In recent years, sliding formwork control is subject to more and more higher attention, the method because of its good characteristic havingInsensitive, simple in structure to parameter variation and disturbance, be applicable to the control of satellite attitude control system. Due toFault in attitude control system and interference effect, very easily there is chattering phenomenon in sliding-mode control, has before thisScholar designs interference observer and offsets the impact of disturbing, and improves the buffeting problem of sliding formwork control, realizes highly reliableProperty and high-precision attitude control, but do not consider fault.

Summary of the invention

Technology of the present invention is dealt with problems and is: for the saturated multi-source EVAC of input, propose one and haveThe sliding-mode control of Fault Compensation and Interference Cancellation and rejection.
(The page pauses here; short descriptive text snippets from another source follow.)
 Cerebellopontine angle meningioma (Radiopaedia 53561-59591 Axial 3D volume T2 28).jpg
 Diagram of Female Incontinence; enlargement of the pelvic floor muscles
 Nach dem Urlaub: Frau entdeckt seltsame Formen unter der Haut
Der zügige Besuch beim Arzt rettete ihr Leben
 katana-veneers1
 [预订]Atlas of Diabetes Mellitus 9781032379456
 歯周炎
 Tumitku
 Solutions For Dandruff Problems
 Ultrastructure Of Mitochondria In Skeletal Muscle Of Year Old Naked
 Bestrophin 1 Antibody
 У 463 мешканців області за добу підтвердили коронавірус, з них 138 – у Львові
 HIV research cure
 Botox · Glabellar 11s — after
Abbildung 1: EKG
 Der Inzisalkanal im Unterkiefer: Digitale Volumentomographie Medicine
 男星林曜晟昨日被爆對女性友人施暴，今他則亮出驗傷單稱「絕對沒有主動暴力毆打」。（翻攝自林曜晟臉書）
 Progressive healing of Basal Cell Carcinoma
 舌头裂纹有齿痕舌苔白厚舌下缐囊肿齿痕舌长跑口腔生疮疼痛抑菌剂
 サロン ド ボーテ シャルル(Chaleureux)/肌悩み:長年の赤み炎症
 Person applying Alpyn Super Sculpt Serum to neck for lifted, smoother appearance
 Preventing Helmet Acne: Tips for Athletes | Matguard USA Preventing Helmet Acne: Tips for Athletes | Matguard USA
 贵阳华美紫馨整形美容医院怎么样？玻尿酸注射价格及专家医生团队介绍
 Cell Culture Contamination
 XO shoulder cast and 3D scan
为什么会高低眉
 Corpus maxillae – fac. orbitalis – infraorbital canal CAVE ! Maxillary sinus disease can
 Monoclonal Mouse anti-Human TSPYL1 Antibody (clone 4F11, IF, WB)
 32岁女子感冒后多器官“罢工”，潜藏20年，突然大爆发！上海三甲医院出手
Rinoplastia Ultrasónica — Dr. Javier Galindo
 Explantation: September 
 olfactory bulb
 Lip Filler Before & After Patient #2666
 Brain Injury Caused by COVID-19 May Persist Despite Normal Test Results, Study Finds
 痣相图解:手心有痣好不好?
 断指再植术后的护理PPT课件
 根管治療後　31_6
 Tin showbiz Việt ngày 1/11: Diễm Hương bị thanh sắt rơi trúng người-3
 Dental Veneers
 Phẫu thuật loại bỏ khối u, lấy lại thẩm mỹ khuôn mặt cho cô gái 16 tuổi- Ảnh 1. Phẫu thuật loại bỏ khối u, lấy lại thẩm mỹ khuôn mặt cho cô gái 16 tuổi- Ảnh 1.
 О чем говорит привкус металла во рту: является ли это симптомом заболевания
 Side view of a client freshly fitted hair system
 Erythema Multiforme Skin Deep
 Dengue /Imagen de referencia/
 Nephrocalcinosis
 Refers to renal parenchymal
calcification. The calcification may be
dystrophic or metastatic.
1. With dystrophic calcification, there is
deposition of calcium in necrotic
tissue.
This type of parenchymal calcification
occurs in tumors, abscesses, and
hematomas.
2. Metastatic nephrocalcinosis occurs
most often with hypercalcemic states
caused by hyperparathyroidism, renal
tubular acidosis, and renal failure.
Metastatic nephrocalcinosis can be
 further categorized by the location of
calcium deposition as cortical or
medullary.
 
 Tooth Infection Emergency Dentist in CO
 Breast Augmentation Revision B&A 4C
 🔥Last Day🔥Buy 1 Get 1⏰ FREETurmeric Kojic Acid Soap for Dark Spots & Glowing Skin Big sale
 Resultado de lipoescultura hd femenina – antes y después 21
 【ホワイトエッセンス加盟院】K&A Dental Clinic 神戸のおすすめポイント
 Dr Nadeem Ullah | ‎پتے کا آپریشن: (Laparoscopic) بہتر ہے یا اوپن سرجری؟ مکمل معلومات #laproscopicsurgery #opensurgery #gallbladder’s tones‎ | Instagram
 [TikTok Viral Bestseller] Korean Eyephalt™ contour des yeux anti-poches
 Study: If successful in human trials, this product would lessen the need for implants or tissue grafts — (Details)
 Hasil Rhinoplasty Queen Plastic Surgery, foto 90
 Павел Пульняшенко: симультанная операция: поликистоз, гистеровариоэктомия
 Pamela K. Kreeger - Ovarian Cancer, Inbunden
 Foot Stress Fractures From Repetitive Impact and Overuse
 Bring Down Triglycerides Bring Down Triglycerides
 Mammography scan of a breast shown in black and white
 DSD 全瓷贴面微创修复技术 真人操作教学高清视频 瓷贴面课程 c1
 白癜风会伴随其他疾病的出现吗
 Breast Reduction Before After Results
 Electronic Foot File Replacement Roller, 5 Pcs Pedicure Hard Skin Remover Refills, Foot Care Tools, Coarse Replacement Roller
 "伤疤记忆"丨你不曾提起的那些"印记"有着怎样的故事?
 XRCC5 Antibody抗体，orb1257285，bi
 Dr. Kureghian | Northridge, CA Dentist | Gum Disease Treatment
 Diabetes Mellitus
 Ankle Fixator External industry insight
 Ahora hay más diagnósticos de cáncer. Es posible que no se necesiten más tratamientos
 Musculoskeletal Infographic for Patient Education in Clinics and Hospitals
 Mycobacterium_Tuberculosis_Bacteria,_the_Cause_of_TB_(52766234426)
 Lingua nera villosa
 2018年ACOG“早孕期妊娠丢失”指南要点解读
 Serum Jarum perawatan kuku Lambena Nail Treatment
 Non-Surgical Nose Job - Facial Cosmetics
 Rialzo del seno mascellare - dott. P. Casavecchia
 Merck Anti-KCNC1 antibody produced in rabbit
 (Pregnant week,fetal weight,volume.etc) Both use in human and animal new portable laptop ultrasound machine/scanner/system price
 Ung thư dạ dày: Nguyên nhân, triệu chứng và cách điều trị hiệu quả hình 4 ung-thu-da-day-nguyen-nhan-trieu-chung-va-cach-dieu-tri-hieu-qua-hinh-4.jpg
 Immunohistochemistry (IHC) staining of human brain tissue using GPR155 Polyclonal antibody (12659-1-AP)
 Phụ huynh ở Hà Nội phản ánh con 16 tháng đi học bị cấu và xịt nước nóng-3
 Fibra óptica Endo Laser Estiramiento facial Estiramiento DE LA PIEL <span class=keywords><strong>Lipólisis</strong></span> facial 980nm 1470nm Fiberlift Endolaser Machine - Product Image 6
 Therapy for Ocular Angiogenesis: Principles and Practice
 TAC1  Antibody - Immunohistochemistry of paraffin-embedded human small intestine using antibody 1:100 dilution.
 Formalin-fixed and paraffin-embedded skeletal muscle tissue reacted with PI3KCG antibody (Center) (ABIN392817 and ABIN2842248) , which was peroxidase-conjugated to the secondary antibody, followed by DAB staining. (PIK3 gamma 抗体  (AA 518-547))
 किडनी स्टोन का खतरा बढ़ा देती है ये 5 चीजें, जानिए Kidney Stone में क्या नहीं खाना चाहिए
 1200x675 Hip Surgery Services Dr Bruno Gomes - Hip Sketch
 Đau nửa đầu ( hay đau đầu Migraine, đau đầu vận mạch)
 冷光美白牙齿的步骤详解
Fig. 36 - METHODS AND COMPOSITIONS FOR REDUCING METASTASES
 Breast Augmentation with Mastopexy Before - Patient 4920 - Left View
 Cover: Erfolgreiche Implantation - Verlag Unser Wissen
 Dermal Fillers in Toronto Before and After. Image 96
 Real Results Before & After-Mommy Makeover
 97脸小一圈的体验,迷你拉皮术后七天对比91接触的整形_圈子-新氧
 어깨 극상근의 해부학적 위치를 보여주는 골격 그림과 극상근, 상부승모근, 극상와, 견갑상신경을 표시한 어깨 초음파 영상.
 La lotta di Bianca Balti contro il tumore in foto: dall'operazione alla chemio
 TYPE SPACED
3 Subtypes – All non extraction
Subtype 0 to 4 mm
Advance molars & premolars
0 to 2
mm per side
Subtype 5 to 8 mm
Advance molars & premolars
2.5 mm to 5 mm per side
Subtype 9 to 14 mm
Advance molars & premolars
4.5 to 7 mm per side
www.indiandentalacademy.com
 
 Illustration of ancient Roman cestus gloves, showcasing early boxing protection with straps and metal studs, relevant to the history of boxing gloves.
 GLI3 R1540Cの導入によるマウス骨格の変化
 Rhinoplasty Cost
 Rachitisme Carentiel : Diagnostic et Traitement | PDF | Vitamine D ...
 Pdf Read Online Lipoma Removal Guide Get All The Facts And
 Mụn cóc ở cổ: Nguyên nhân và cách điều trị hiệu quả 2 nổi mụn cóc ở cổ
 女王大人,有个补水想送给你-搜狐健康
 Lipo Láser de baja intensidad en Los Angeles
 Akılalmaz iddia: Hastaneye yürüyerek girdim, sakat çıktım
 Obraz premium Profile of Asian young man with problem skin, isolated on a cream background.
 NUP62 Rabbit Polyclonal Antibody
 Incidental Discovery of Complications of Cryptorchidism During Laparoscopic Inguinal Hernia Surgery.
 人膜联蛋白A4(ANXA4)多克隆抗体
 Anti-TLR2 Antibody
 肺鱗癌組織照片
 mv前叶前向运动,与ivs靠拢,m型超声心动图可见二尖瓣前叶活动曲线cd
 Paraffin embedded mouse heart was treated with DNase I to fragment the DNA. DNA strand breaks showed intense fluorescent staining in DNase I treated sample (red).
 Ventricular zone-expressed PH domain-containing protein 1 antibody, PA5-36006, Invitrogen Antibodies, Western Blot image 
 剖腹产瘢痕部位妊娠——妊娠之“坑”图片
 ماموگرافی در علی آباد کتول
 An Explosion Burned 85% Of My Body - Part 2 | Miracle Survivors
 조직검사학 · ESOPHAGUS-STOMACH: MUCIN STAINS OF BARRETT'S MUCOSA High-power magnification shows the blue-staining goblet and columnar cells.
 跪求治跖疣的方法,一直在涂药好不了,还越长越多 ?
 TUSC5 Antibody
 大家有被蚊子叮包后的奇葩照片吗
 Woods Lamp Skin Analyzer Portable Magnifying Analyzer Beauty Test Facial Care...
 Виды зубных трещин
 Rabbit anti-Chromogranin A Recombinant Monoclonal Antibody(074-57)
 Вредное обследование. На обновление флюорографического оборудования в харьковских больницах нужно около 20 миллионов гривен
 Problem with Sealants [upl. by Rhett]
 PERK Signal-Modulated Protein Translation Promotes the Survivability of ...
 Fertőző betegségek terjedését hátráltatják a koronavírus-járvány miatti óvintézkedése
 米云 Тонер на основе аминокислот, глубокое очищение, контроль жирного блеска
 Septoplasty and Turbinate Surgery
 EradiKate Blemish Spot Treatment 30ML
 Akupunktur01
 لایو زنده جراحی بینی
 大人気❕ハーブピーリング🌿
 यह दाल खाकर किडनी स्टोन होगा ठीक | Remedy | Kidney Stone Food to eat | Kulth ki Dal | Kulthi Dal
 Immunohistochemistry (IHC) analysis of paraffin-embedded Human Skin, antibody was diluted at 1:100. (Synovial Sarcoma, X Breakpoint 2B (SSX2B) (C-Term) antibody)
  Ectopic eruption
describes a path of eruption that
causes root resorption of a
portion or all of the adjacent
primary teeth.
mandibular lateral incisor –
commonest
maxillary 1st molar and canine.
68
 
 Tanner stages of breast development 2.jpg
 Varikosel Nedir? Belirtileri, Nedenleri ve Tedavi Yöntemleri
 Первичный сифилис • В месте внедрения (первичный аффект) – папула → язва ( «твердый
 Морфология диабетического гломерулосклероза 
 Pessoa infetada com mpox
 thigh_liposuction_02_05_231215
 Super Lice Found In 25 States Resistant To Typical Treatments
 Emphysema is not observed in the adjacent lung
By design error failure diagnostic observations device withInterference observer, estimates and offsets, design sliding mode controller is to parameter to the fault in system and interferenceUncertain and disturbance has robustness.

Technical solution of the present invention is: a kind of sliding-mode control with anti-interference fault freedom, itsBe characterised in that and comprise the following steps:

First, the fault in taking into account system and multi-source disturb, and set up the kinetic model of system; Secondly,Fault in design error failure diagnostic observations device and interference observer estimating system and can modeling disturbing; Again,Solve the gain matrix of interference observer and fault diagnosis observer; Then, design sliding mode controller, willIn interference and Fault Estimation value substitution controller, compensation is of equal value disturbs and fault; Finally, analyzer-controller is steadyQualitative, input and under saturated prerequisite, solve sliding formwork gain in system; Concrete steps are as follows:

The first step, the fault in taking into account system and multi-source disturb, and set up the kinetic model of system

Build the system dynamics model that comprises fault and interference, as follows:

\{\begin{matrix} \dot{x_{1}} (t) = x_{2} (t) \\ \dot{x_{2}} (t) = x_{3} (t) \\ . \\ . \\ . \\ \dot{x_{n}} (t) = - a_{0} x_{n} (t) - \cdot \cdot \cdot \cdot \cdot \cdot - a_{n - 1} x_{1} (t) + b_{1} (u (t) + d_{1} (t) + F (t)) + b_{2} d_{2} (t) \end{matrix}

Wherein, x₁(t)，x₂(t)，…，x_n(t) be system mode, n >=2 are positive integer, and u (t) is control inputs, F (t)For the time accident of rate of change bounded hinders, d₁(t) be modeling to disturb, d₂(t) being can not modeling random disturbances. a₀、a₁、…a_n-1With b₁、b₂Be internal system parameter. d₁(t) can be by following interference model ∑₁Represent:

Σ_{1} : \{\begin{matrix} d_{1} (t) = Vw (t) \\ \overset{\cdot}{w} (t) = Ww (t) + B_{3} δ (t) \end{matrix}

Wherein, w (t) be can modeling interference model state variable, V be can modeling interference model output matrix,W represents system battle array that can modeling interference model, B₃For gain battle array that can not modeling random disturbances, δ (t) isEnergy bounded can not modeling random disturbances.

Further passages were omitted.